Dr Stuart Myers

The flexor sheath is a smooth tunnel running up the front of each finger. It holds the flexor tendons down to the underlying bones.

    

It is like the eyelets in a fishing rod.

There are two tendons per finger running in this tunnel. ( FDS & FDP tendons )

    

The sheath is lined with synovium which is a tissue which produces the lubricating fluid for joints and tendon sheaths.

Thickenings of the sheath are called pulleys.



There are two types of pulleys.

The annular pulleys are relatively strong. There are five separate annular pulleys.

The A2 and A4 pulleys are tough and relatively inflexible and arise from the underlying bone.

The A1 , A3 and A5 pulleys arise from the ligamentous tissues ( Volar Plate ) on the front of the respective joints.

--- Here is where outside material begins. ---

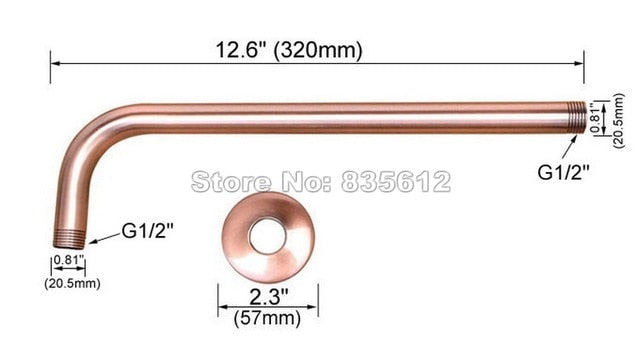 Rainfall Shower Head Antique Red Copper Shower Heads
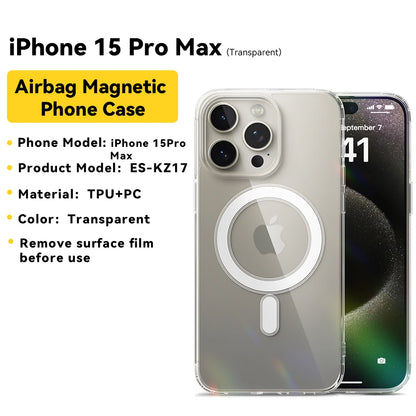 Essager Magnetic Case for iPhone 15 14 13 12 Pro Max Case Shockproof Cover for iPhone 14 Pro Max 15 Plus 15pro Macsafe TPU Cases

The thumb has only two annular pulleys.

The cruciate pulleys are soft and flexible so that they can get out of the way during finger flexion. 

The A2 and A4 pulleys are considered to be the most important. 

A Pulley is defined as “A wheel with a grooved rim in which a rope, chain, belt … or tendon can run, in order to change the direction or point of application of a force applied to the … tendon”.

The tendons will always travel in a straight line unless restrained by a pulley. Ie they take the shortest line between the base and the tip of the finger. 

See more information re ( Pulley Biomechanics)

 

Bowstringing

Bowstringing occurs when there is a complete pulley rupture

When a finger bends it rotates around the so-called centre of rotation of the joint.

Any tendon which is lying below the centre of rotation is an extensor of the finger and any tendon above the centre of rotation is a flexor. See diagram.

      

There is a fine balance between the forces of the finger extensor ( straightening ) and flexor (bending ) tendons.

It is similar to the forces on a seesaw.

If the same weight on a seesaw is moved further away from the centre of the seesaw it has a relatively greater effect.

                 

This explains the typical development of a flexion deformity of the finger when there has been a significant pulley rupture.

It also results in loss of full finger flexion. The flexor tendons move away from the joint and although the muscle contraction force has not changed the relative force across the joint has increased.

    

Most commonly significant bowstringing will only occur if at least two sequential pulleys have been completely ruptured but there have been documented cases of it occurring in isolated A2 ruptures. 

Bowstringing leads to flexion contracture of the fingers and grip strength weakness.


Mechanism of Injury 

A pulley rupture is commonly seen in rock climbing.

The majority of climbers who have suffered either partial or complete rupture of a flexor tendon pulley describe acute onset while performing a difficult move in the ‘crimp’ position or when they have shock loaded their fingers as they lost their footing.

      

Diagnosis  

- Sometimes a “popping” sensation is felt at the time of injury. 

- Bleeding can track down the finger and occasionally result in a secondary trigger finger. 

- Swelling & tenderness along palmar side of finger – It is important to document the extent of tenderness. 

- Examine for bowstringing. - Resist semi-flexed finger and palpate the front of the finger.

                                        - Place your finger on the tip of the finger and ask them to try and make a fist.

                                        - With your other hand palpate the flexor sheath and feel for bowstringing.

                                        - Always compare with the other side.

- Check for triggering at the A1 pulley level


Investigations 

1. Xrays exclude a fracture but rarely confirm the diagnosis.

Very occasionally they may reveal a flake of bone pulled off by the pulley as it tears. 

The Xray changes may be subtle and only become apparent after a couple of weeks. 

 

2. Ultrasound
– is absolutely operator dependant
- Allows for dynamic testing with flexion stress on the affected finger.

3. MRI scan


Treatment 

1. Stop Climbing - for ~ 3 months 

2. Splint – by someone with experience in climbing injuries 

3. Taping - H Taping ( More Information

4. Surgery – Pulley repair or reconstruction

Palmaris longus tendon grafts wrapped around the tendon and phalanx are commonly used. There are several techniques involving wrapping the tendon around the phalanx between one and three times.